With the second NSF proposal in a “recommended for funding” state, I'm preparing this page so we can address some looming issues and make decisions on our potential new acquisition. In general, these are the main topics:
Below presents some detail regarding these points to get the discussion started.
April 27th, 2010 Update: So i had this bright idea. Spurred on by the following. The private networks on both clusters have a netmask that yields 255 IPs per subnet. Currently the clusters are chewing up about 175 of those. Now, with a new cluster potentially needing 512 more, we have a netmask and routing problem. Could be very messy.
Light bulb! So if we got a huge cluster, why not make it the primary. For example, we could run CentOS/Kusu/Lava on it or Redhat/OCS/LSF (costs involved) and adjust the netmasks to something yielding tons of IPs, like 255.255.0.0 … once running, we ingest into this cluster the petal/swallow-tail and sharptail cluster. Much cleaner and easier to do, and much more flexible. We can then logically segment the physical hardware in “clusters”.

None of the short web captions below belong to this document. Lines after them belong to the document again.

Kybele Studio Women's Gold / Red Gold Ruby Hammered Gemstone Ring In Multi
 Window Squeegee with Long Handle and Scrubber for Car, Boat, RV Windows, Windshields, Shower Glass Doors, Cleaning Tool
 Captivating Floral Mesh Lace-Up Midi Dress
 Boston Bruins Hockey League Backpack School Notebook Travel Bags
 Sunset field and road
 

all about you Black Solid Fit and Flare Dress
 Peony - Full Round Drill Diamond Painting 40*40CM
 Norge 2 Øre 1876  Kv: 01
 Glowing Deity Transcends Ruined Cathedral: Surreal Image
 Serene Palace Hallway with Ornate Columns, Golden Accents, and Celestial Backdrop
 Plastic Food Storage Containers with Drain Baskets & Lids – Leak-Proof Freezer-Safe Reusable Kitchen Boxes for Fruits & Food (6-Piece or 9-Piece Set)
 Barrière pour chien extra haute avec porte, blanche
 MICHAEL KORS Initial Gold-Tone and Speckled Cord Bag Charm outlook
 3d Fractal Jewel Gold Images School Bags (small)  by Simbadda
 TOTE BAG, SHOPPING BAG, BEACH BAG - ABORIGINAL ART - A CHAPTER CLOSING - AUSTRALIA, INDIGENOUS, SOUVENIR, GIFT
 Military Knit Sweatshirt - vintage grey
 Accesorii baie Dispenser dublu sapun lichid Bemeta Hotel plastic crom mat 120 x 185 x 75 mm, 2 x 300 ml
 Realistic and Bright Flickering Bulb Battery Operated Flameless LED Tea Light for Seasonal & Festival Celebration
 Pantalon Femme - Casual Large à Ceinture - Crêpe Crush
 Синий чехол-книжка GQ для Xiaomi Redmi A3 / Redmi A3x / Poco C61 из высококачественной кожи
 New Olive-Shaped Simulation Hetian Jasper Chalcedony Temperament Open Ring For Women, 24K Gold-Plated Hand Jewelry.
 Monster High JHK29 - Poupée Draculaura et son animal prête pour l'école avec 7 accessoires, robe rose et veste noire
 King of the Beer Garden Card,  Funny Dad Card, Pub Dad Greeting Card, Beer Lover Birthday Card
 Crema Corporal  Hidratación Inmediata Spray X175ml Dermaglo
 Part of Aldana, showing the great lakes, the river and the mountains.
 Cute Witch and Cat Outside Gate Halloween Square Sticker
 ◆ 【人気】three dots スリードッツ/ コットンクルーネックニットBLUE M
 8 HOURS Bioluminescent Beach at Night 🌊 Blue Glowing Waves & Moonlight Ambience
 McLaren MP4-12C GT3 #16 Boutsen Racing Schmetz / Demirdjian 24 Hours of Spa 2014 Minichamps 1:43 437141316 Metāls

The breaker box panel currently provides 16 L6-30 connectors and can provide 4 more. We need to assess how much of a draw dawn there currently is, and then size out if a new subpanel can provide enough connectors for the new cluster.
Cooling requirements of the new cluster probably will be met after the data center's environment work project is finished. We probably will still be in the scenario that if a cooling unit dies, part or all of the cluster would need to be shut down preventing overheating of the entire data center.
Unfortunately, the netmask of the Dell cluster was set to 255.255.255.0 resulting in 255 IPs in subnet 192.168.1.xxx. After switches, and both clusters, about 75 IPs are available in this range. If the new cluster comes with few multi-cored nodes this may not be a problem. However, if many IPs are needed, the new cluster would reside in another subnet and the routing tables would have to change, if the clusters need to communicate with each other (as in an expansion of the Dell clusters).
Regarding the 0.5 existing FTE allocation, the new cluster would have serious impact on this. Especially if the new cluster introduces a new operating system (for example x86 solaris) and a new scheduler (for example grid engine or PBS). This will also impact the SCIC for additional documentation and user support.
Home directories are currently served from a NetApp filer via NFS (5 TB). This disk space was bought with the Dell cluster from ITS (sidebar: i think this is correct). Since the filer provides lots of functionality that we do not use, we could entertain the idea of giving this space back. We would then configure the new cluster to house a 25-50 TB disk array serving up the home directories via NFS. Would require a UPS for the disk array, or put it on Enterprise UPS. Also would require all nodes on all clusters to communicate with each other, unless we kept the NetApp space and added the new disk array to new cluster only.
If the new cluster expands the existing Dell cluster we would not need another head/login node. That may add more compute nodes. No more than 75 nodes could be added before we run into routing problems.
All quotes obtained with the proposal contain compute nodes all on infiniband and ethernet switches. This may the simplest way to go configuration wise. But the need for many more compute nodes with a small memory footprint probably does not need infiniband connectivity.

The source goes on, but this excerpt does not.